With Qualcomm hardware, Rob finds no conflict of interest. He began this driver less than two months ago with using a DragonBoard as his base development platform, which is the mobile development board with a Snapdragon S3 APQ8060. In terms of how he went about the Snapdragon graphics, reverse engineering is similar to what is being done within the Lima project. He developed an LD_PRELOAD shim for intercepting system calls, analyzed the existing open-source kernel code for understanding its API, and then worked out other tools for analyzing other bits of the Qualcomm graphics processor. Here is a bit from a blog post he is currently working on that describes his reverse-engineering effort.

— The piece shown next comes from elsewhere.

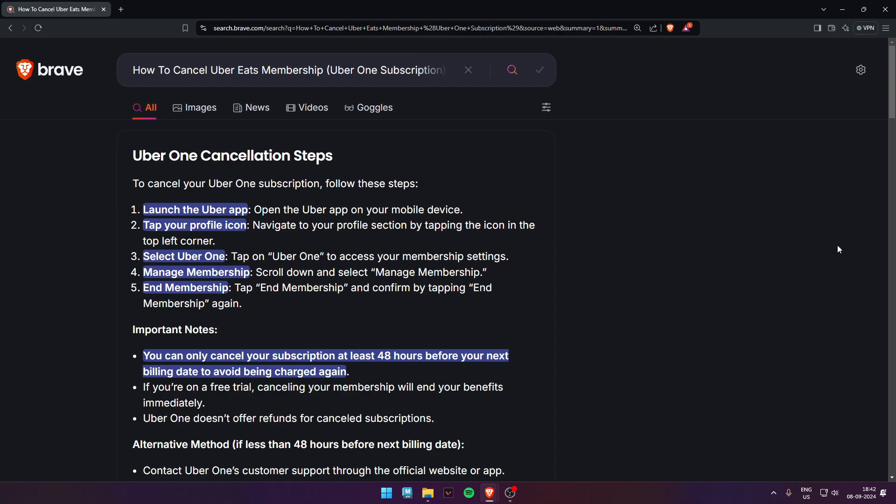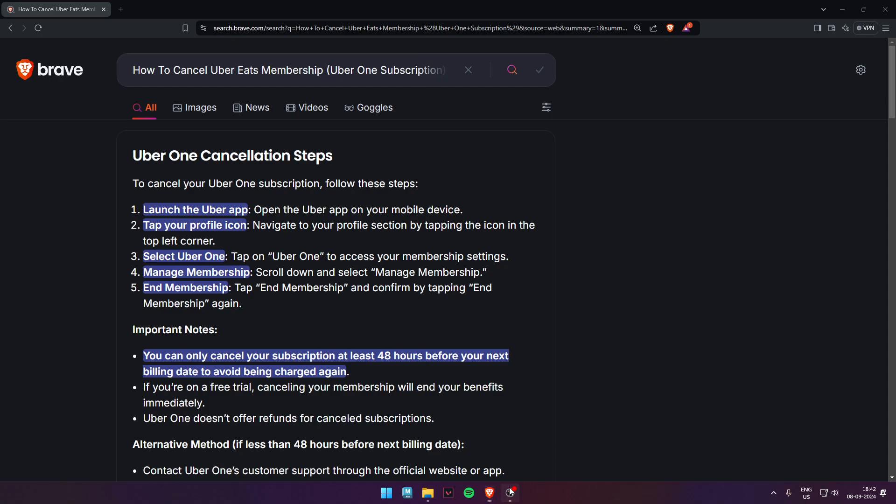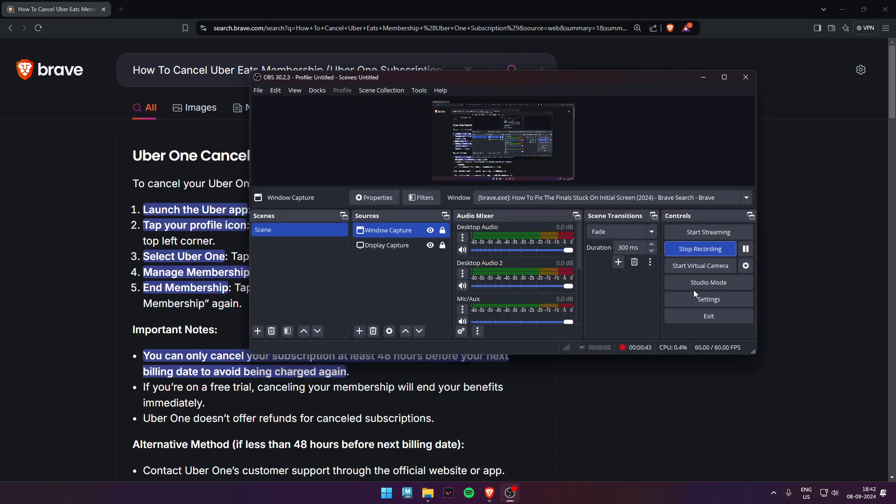Tap on End Membership and confirm by tapping End Membership again. I hope you liked this video. Don't forget to subscribe to our channel.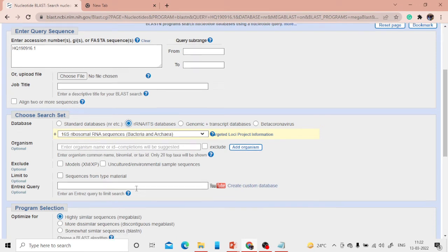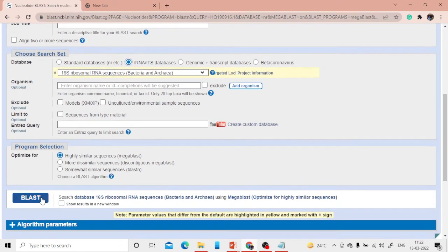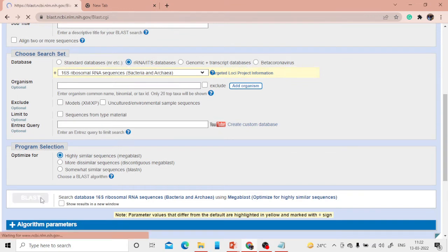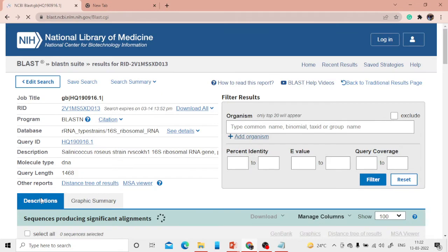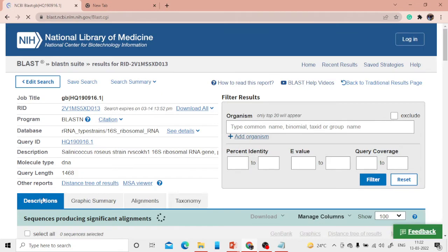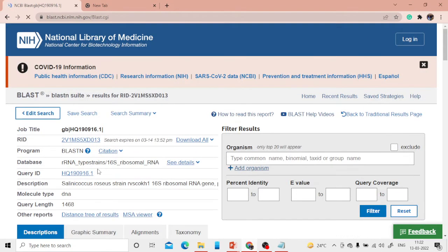Let me now simply perform the BLAST search. Depending on internet speed and server load, results will come within one or two minutes. You can see BLAST results quickly appeared.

The libwrap code I wrote logs information about the blits (cmdstream, and various parameters like gpu addresses, surface dimensions, blit coords) to a simple .rd log file (which amounts to a sequence of type/length/value fields). These .rd files get processed with a utility I wrote called "redump", to generate a reports [example] showing side-by-side comparisons of the cmdstream, with similarities and parts of dwords that appeared to match surface and blit parameters highlighted. It is not a perfect disassembly of the command stream, but it certainly helps to spot patterns.
Once I had a reasonable collection of tests for the types of blit operations which are important for an x11 EXA driver, I started varying parameters to figure out the limits, ie. what is the largest blit x, y, width, height, max surface width, height, stride, etc, to establish how many bits are used to encode different fields in the command stream. In some cases, I noticed there were multiple encoding options so parameters could be packed if fewer dwords if less bits where needed to encode the parameters. (For the current EXA driver I'm pretty much using the worst case encoding options so far, to keep things simple.)
With these tests, and the corresponding redump reports, I started work on implementing the EXA accel fxns for the xf86-video-freedreno driver. The work on the EXA driver really only started about 1.5 weekends ago (and most of the time at the beginning was just getting a skeletal driver setup, which is based on a stripped down and simplified xf86-video-msm).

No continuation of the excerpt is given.